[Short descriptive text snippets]
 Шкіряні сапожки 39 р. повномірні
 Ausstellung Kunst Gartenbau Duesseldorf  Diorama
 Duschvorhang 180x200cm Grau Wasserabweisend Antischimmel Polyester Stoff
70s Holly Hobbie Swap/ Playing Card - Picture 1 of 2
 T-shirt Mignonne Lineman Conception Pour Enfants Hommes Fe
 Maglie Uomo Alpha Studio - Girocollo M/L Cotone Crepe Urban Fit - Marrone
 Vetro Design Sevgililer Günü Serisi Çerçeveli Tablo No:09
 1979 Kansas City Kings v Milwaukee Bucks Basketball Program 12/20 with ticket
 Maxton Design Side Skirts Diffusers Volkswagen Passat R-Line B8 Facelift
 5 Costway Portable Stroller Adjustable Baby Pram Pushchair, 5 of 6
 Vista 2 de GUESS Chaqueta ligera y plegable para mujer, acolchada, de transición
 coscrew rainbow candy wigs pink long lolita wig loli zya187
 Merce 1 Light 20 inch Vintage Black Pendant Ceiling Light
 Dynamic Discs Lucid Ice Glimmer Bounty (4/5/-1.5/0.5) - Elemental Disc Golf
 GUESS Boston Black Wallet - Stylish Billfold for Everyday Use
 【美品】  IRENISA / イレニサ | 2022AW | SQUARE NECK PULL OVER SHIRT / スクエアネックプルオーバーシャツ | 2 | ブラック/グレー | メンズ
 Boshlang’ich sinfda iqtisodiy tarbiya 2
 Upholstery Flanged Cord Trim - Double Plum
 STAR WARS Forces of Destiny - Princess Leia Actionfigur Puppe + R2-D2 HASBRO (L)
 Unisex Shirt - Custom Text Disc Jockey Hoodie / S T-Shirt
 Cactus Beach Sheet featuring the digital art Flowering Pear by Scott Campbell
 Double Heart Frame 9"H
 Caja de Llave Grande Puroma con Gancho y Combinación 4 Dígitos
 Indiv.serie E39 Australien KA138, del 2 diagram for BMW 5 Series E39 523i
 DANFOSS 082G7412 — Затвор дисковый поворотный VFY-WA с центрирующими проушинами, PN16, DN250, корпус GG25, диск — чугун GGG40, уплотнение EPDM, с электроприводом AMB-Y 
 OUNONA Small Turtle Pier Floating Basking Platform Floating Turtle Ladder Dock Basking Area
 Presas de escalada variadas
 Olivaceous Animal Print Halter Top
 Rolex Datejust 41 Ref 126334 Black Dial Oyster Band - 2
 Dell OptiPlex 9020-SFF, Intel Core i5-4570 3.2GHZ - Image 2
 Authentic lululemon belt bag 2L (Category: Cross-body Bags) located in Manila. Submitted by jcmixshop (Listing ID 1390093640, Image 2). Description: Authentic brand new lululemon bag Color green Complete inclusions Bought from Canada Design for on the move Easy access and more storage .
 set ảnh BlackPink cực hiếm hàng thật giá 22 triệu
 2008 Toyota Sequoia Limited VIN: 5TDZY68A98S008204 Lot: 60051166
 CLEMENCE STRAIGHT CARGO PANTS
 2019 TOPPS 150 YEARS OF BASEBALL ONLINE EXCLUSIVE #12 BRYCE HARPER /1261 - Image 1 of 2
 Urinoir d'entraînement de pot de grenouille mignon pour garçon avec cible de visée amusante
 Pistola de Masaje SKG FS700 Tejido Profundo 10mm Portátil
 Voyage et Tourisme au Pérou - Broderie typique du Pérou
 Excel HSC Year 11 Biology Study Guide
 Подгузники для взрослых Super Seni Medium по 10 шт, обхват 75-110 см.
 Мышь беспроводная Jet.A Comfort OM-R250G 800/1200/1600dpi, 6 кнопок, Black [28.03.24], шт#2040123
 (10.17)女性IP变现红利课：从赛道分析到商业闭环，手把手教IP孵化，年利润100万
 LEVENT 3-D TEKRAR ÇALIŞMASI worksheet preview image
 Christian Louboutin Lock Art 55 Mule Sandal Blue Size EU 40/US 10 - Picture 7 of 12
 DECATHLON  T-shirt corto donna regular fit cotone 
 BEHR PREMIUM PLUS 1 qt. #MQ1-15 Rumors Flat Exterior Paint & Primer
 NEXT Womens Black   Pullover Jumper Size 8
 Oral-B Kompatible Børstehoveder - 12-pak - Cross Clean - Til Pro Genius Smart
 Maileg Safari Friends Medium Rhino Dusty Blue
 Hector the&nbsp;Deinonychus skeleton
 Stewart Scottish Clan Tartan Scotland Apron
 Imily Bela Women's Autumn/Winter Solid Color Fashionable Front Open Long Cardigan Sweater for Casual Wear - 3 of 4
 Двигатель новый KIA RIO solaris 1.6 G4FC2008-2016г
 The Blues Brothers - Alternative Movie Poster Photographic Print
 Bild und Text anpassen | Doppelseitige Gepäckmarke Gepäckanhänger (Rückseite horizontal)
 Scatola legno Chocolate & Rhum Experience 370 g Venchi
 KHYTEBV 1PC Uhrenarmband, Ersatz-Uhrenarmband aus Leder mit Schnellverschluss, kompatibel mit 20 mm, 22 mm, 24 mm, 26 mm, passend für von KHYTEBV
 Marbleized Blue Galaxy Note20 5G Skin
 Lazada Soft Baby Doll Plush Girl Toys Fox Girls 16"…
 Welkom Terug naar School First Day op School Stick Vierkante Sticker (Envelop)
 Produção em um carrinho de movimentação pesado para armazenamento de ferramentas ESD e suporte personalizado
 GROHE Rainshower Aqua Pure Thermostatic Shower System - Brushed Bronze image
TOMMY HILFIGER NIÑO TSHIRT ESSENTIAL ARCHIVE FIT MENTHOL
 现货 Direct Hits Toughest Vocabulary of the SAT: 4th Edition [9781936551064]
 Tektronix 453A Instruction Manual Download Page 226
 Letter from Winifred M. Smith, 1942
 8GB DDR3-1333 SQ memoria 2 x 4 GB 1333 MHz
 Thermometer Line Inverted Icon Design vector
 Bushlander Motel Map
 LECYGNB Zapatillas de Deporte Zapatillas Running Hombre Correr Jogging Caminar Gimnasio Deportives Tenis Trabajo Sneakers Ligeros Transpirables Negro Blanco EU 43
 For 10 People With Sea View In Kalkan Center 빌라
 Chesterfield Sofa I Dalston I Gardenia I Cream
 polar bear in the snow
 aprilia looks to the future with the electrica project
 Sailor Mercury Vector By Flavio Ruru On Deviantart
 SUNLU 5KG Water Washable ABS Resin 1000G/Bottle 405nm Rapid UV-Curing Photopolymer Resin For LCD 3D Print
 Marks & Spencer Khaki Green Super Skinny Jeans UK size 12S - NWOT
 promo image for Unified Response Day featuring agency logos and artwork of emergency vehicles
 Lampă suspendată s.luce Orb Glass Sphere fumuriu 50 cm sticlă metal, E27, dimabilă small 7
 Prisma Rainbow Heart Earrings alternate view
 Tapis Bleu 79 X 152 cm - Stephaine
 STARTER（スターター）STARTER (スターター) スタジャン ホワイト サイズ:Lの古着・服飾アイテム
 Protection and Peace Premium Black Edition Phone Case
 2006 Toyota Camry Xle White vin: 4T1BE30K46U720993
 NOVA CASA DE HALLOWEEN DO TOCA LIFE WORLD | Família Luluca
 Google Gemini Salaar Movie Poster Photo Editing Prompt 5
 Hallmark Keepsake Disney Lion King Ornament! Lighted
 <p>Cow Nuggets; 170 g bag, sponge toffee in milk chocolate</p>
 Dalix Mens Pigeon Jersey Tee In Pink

• What you are asked to do
Please, from the entries above, set down exactly the lines from the one containing "Rolex Datejust 41" through the one containing "Dell OptiPlex 9020-SFF, Intel", and only those.

• Response below
 Rolex Datejust 41 Ref 126334 Black Dial Oyster Band - 2
 Dell OptiPlex 9020-SFF, Intel Core i5-4570 3.2GHZ - Image 2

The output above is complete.